Il s’appelle Younès Ouharchaou. Il est étudiant à Kiev, où il travaille parallèlement pour subvenir à ses besoins. Ce jeune originaire de Tigzirt, dans la wilaya de Tizi Ouzou, a, dit-il, vécu, avec d’autres étudiants algériens, l’enfer pour fuir l’Ukraine. Il a passé, raconte-t-il, des moments difficiles dans sa mésaventure. «J’étais dans une ville relevant de Kiev. Avec la situation actuelle, elle est devenue une zone très sensible où le risque est omniprésent, car elle n’est pas loin de l’aéroport militaire», nous confie-t-il.
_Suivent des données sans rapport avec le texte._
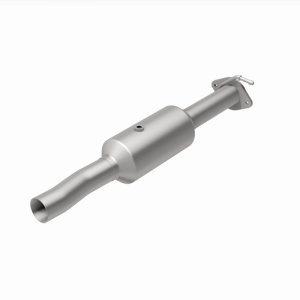 Ford F-350 Super Duty Catalytic Converter - Rear Underbody - Magnaflow - Direct Fit - `09-`10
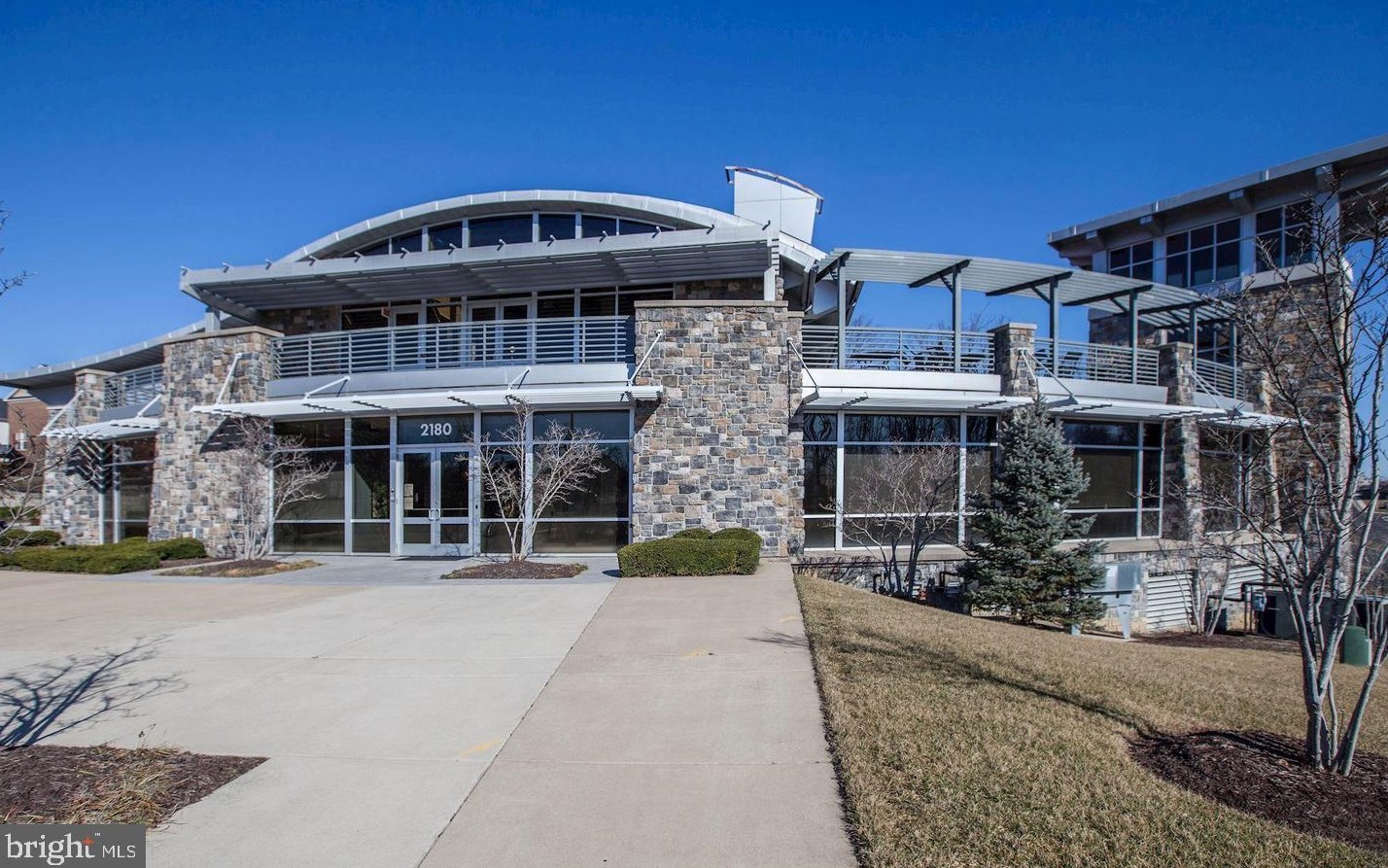 14800 Potomac Branch Dr, Woodbridge VA  22191-4056 exterior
«J’étais avec des amis. J’habite avec trois autres Algériens, originaires  de Tizi Ouzou, Boghni et Tiaret. Le premier jour de l’action militaire russe en Ukraine, à 4h du matin, nous avons entendu le bruit des explosions. L’immeuble a presque vacillé, on aurait dit un séisme. Puis, nous nous sommes levés pour voir ce qui se passait. Nous avons vu un mouvement inhabituel. Des gens fuyaient leurs maisons. Juste quelques minutes après, d’autres déflagrations ont suivi. Finalement, il y a eu des bombardements à proximité de l’aéroport militaire. Une heure après, vers 5h, tout le monde est sorti et courait vers d’autres directions. L’essentiel était de fuir cette localité exposée au danger», nous raconte notre interlocuteur, qui nous précise que, la veille, il n’y avait aucun signe avant-coureur de ce qui allait se passer.

«Aucun signe avant-coureur de ce qui allait se passer»

«J’ai travaillé jusqu’à 23h. Rien ne présageait ce qui s’est passé jeudi. La ville était paisible. Des magasins et superettes sont restés ouvert jusqu’à tard dans la nuit. Les bus de transport nocturne faisaient leurs navettes vers les différents quartiers de la ville. Je suis rentré sans aucun souci. Même l’ambiance au travail était sereine. Les gens voyaient le conflit russo-ukranien, certes, comme une menace, mais pas au point de vivre le cauchemar de cette journée fatidique. 12 heures avant, tout le monde vaquait à ses préoccupations quotidiennes», témoigne-t-il avant de nous faire faire le récit de son déplacement cauchemardesque, dit-il, en relatant, avec beaucoup de détails, ce qu’il a, avec ses amis, vécu durant son long trajet jusqu’à Paris.

«Le déplacement était très difficile. Il y avait d’autres étudiants algériens qui habitaient dans la même ville. Je les ai contactés pour venir nous rejoindre dans le quartier afin de décidé comment quitter rapidement la ville, qui est vraiment exposée au danger. Nous avons ensuite décidé de partir, surtout que nous avons vu que même des Ukrainiens prenaient la fuite. Vers 14h, nous sommes sortis pour rejoindre à la capitale, Kiev, via un fourgon de transport, pour nous déplacer ensuite à Leviv, qui est située à 75 kilomètres de la frontière polonaise.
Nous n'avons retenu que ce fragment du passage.